|Title:||Essays on financial reporting quality : evidences from seasoned equity offering and product market competition|
Hong Kong Polytechnic University -- Dissertations
|Department:||School of Accounting and Finance|
|Pages:||132 leaves : ill. ; 30 cm.|
|Abstract:||This dissertation focuses on financial reporting quality. It is comprised of three essays. The first essay documents the importance of financial reporting quality; the second essay records market power as an important determinant of financial reporting quality; the third essay shows that financial reporting quality is not the prevailing channel through which product market competition affects audit fees. Essay I, "Earnings timeliness and seasoned equity offering announcement effect" demonstrates the importance of financial reporting quality by examining the effects of earnings timeliness on the Seasoned Equity Offering (SEO) announcement effect. Investors view an SEO announcement as a negative signal that reveals managers' perceptions regarding a firm's current stock price. Investors usually respond to this negative signal by reducing the stock price significantly. This condition can be mitigated, however, through a description of a firm's ability to capture current value-relevant information through a measure of financial reporting quality, namely earnings timeliness. This is especially true since earnings are important to investors in assessing firm performance. Presenting current value-relevant information with earnings in a greater efficient and timely way can reduce information asymmetry between managers and investors. I predict and find, then, that firms with greater earnings timeliness have less negative SEO announcement-period returns.|
Because of the importance of financial reporting quality in capital market, I explore the determinants to financial reporting quality in my second essay, "Market power and accrual management". I examine whether a firm's competition status in product markets affects its financial reporting quality, measured as discretionary accrual. I argue that because firms with greater market power have a greater ability to set prices for their products, they have comparatively fewer incentives to manipulate earnings through accrual management. I use the Lerner index to measure product market power and asset-deflated absolute discretionary accruals to proxy the magnitude of accrual management. Using a large sample of firm-year observations from 1997 to 2007, I find that, as hypothesized, firms with greater market power tend to have lower levels of accrual management. The final essay, "Product market competition and audit fees", goes one-step further than the second. As noted in the second essay, product market competition affects a firm's financial reporting quality. However, financial reporting quality may not be the only factor auditors take into account when they decide what fees to charge a client. The last essay, therefore, empirically explores the inter- and intra- industry effect of product market competition on audit fees. Prior literature posits two contradictory predictions on the relation between product market competition and audit fees.

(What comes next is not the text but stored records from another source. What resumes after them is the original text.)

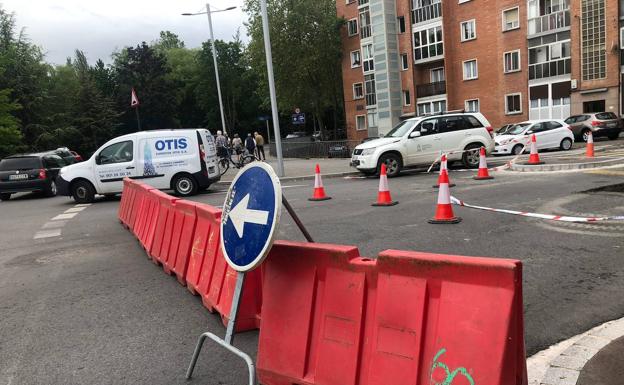 Enfado entre los conductores por adelantar sin previo aviso los cortes por asfaltado en el Sur de Vitoria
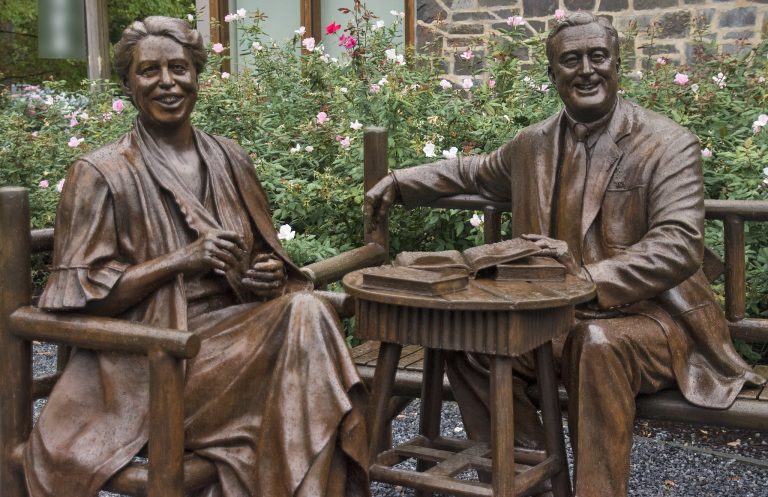 Statue of Eleanor and Franklin Roosevelt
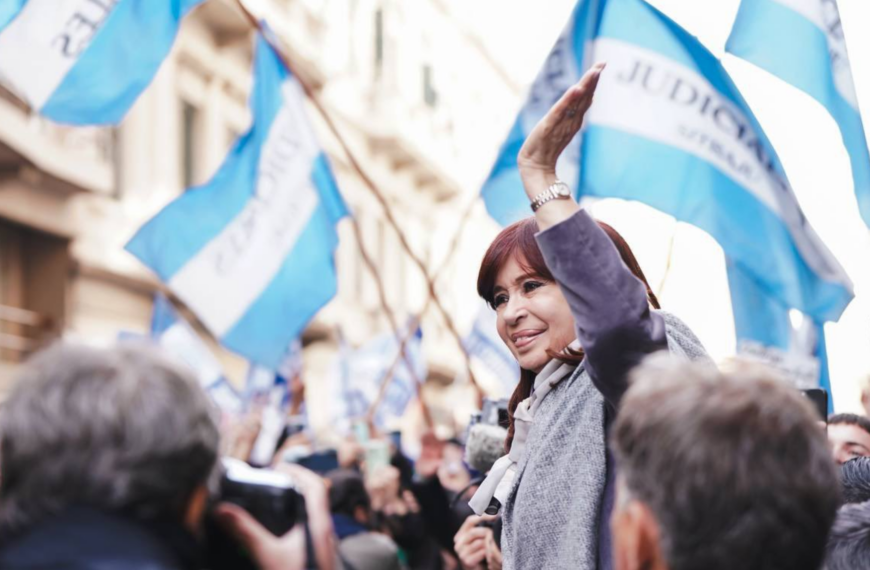 Cristina Fernández, expresidenta de Argentina sentenciada a 6 años de prisión por corrupción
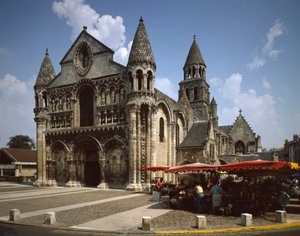 Romanische Kunst: Ansicht von Notre Dame la Grande. 12. Jahrhundert Poitiers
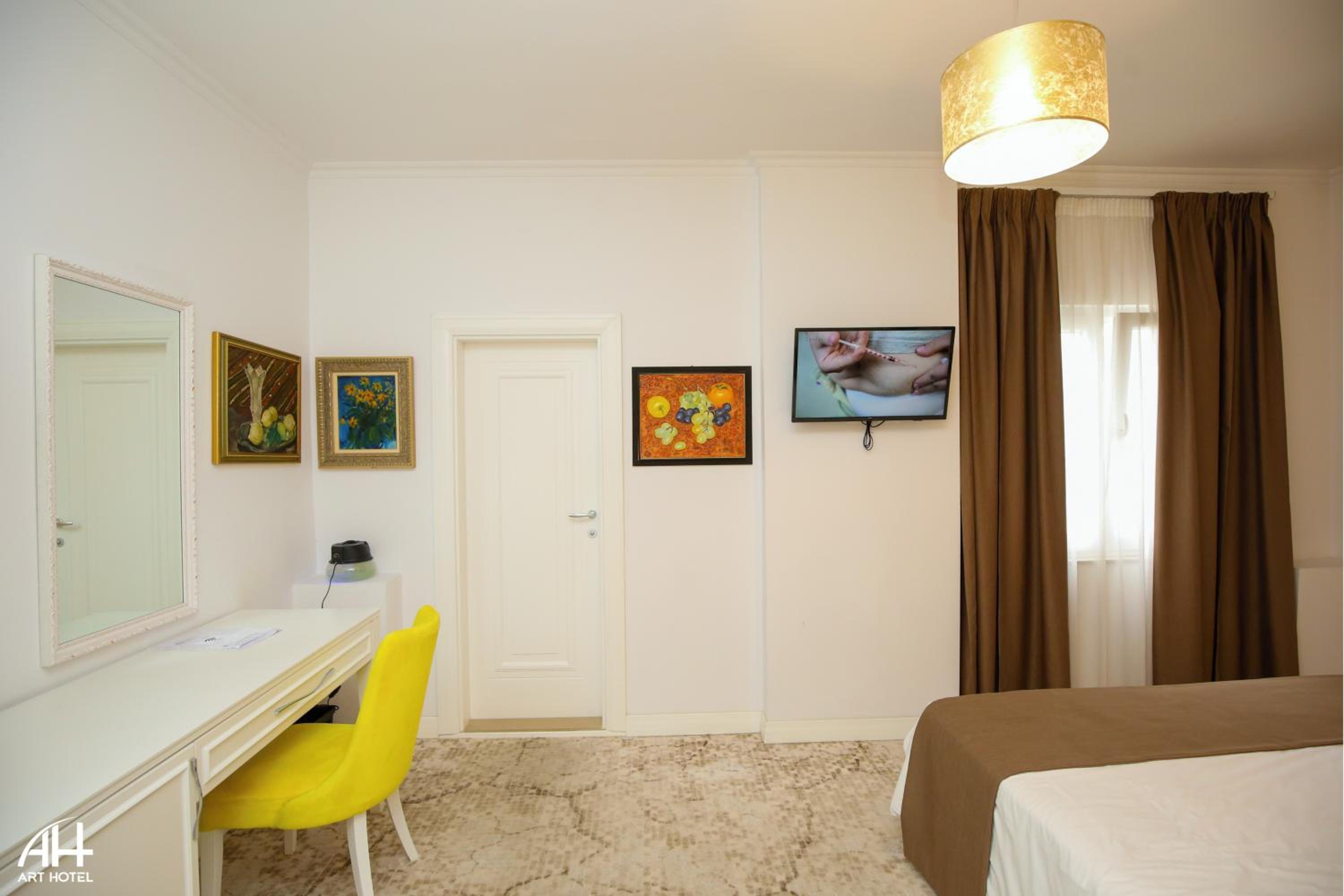 Double Room with Balcony photo 3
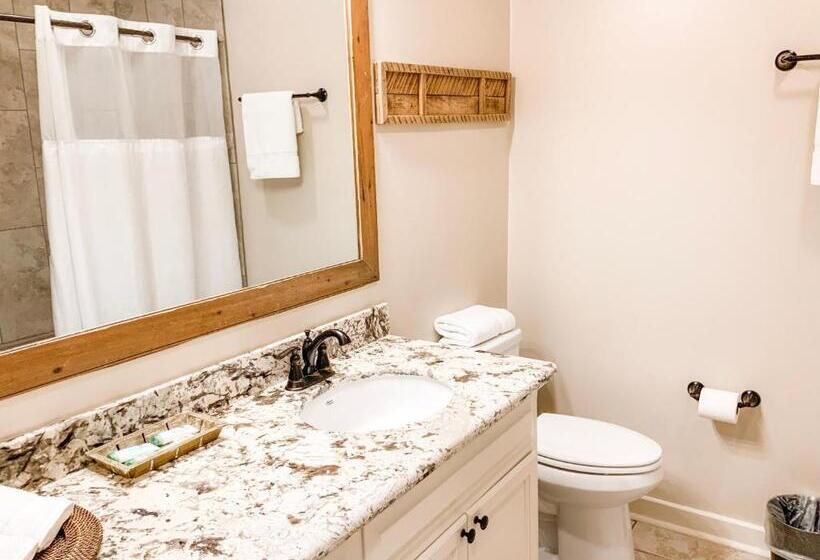 酒店 The Lodge At The Bluffs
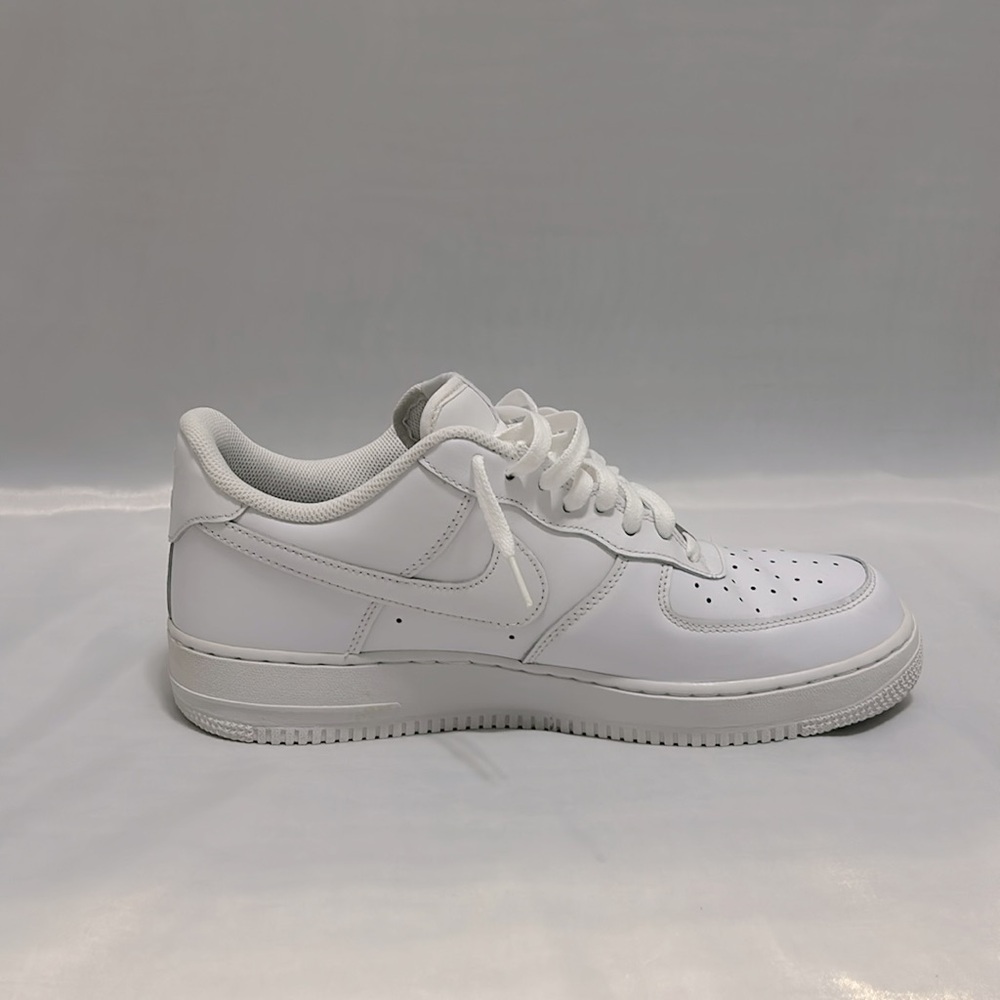 NIKE Air Force 1 ‘07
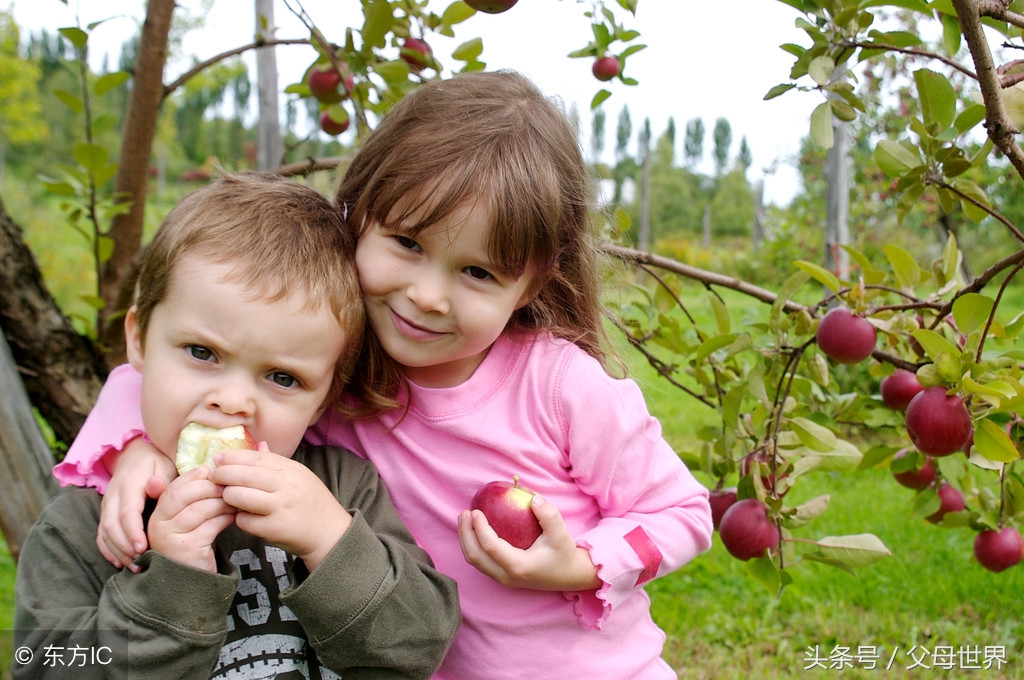 春捂秋冻的正确穿衣方法,宝宝秋季穿衣三暖法则用了少生病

On the one hand, firms in a competitive market are expected to face higher liquidity risk, distress risk, and liquidation risk, thus increasing auditors' assessments of a client's business risk. So, audit fees are expected to increase with industry competitiveness. On the other hand, it is often argued in prior literature that product market competition decreases information asymmetry and mitigates agency problems between shareholders and managers and increases the accuracy of financial reporting, thus decreasing auditors' assessments of a client's audit risk resulting in necessary audits. So auditors tend to charge lower fees on firms in a more competitive industry. The study, then, empirically tests the relation between product market competition and audit fees and finds that auditors charge higher fees on firms in a more competitive industry. It also finds that auditors charge lower fees on firms with greater market power within the same industry.